Defensive Runs Saved (DRS) loves the Jays' defense so far. Lawrie, Escobar and Johnson all lead the league so far for their respective positions, and Colby Rasmus ranks 2nd among CF's, though DRS through 28 games pretty much defines small sample size. Still, it's something.
Runs Batted Out has a look at Henderson Alvarez, and how likely it is that he sees a whole lotta regression in pretty much every sense of the word. For what it's worth, if my understanding of babip is correct, the fact that Alvarez gets so many groundballs, combined with the Jays' amazing DRS (see how I brought that back?) means that Alvarezeseses babip should be low. Obviously it shouldn't be .220-low, but groundballs yield a higher percentage of outs that line-drives or flyballs, and if this infield, defensively, is anywhere near as good as advertised (i.e. the shifts, DRS), something below the 3-year league average of like .290 or whatever it is should be pretty sustainable. All in all, good stuff.
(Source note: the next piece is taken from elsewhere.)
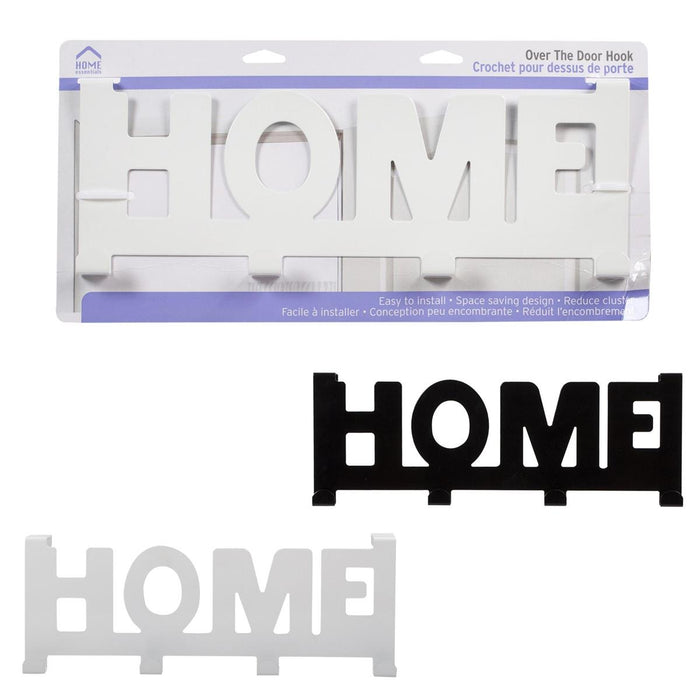 HOME OVER THE DOOR HOOK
Shi Davidi has a prospect update.
Beyond the Boxscore looks at the surprising amount of closer turnover through the first month of the season. Typically, you can expect 10 closers to lose their jobs to poor performance or injury throughout the season; 14 of 30 teams have a different closer than what they began the season with.
Should have more later. It's a late game tonight, as the Jays start a 2-gamer with the A's in Oakland.